E foi ele quem me ajudou a escrever minha primeira história.
Talvez ele nem se lembre daquela noite na varanda da casa que morávamos em Presidente Venceslau, vizinhos da Dona Geralda, mas eu nunca esqueci. Eu havia lido um livro sobre uma menina chamada Celeste que viajava à lua, e decidi que escreveria algo parecido. Ele, com seu jeito, sentou-se comigo e começamos. Uma palavra aqui, outra ali, e juntos criamos uma pequena história. É uma memória simples, mas tão doce que ainda aquece.
Esse era o jeito que recordo do meu pai: criativo, curioso e cheio de vida.
Mas esse não é o jeito que a vida quis deixar para ele. Hoje, o jeito que se vê é outro. É o jeito de alguém que perdeu partes de si mesmo para um copo que parece não esvaziar nunca. É o jeito de quem luta, todos os dias, contra algo maior do que ele, maior do que todos nós.
E dói. Dói porque o vejo ser resumido a isso, a “continuar do mesmo jeito.” E não é um jeito bom.
Amar alguém que o tempo desgastou é como segurar uma peça de cristal rachada: você sabe que é preciosa, sabe que o que foi um dia ainda está lá, em algum lugar, mas as rachaduras doem nas mãos.
É difícil. Difícil aceitar que a pessoa que me ensinou a imaginar mundos inteiros agora vive em um mundo pequeno, reduzido.

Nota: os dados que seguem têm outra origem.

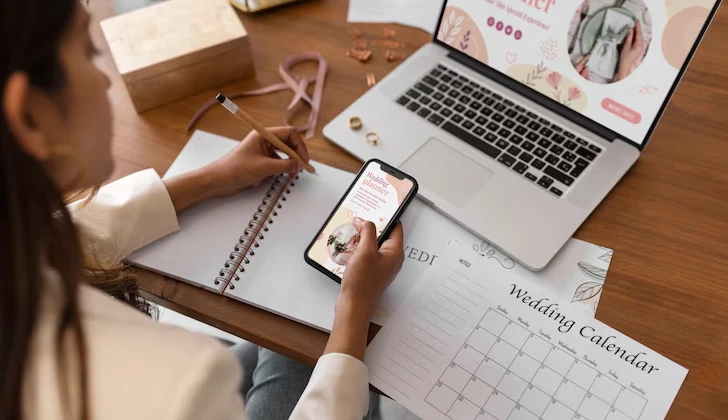 a woman creating content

Difícil lidar com o olhar das pessoas, que o enxergam apenas pelo que perdeu, e não pelo que ainda carrega.
Esse encontro familiar foi um mosaico de emoções. Foi ver minha mãe tão feliz entre os seus, mas foi também carregar essa reflexão amarga sobre o meu pai. Não sei se ele se lembra da Celeste, da varanda, do que criamos juntos. Mas eu lembro. Eu lembro do pai que ele foi e que, para mim, ainda é, mesmo quando o mundo insiste em reduzir sua essência.
Dói vê-lo assim. Dói, porque o amor que sinto é maior que qualquer rachadura.
E é esse amor que me faz lembrar que, embora o jeito de hoje seja um fardo, o jeito que ele me deu — o de criar, o de sonhar, o de perguntar — é algo que jamais se perderá.
E isso, por mais que doa, também é o que me mantém firme.
Texto escrito no dia 21/10, após chegar do aniversário da tia Irmã Célia.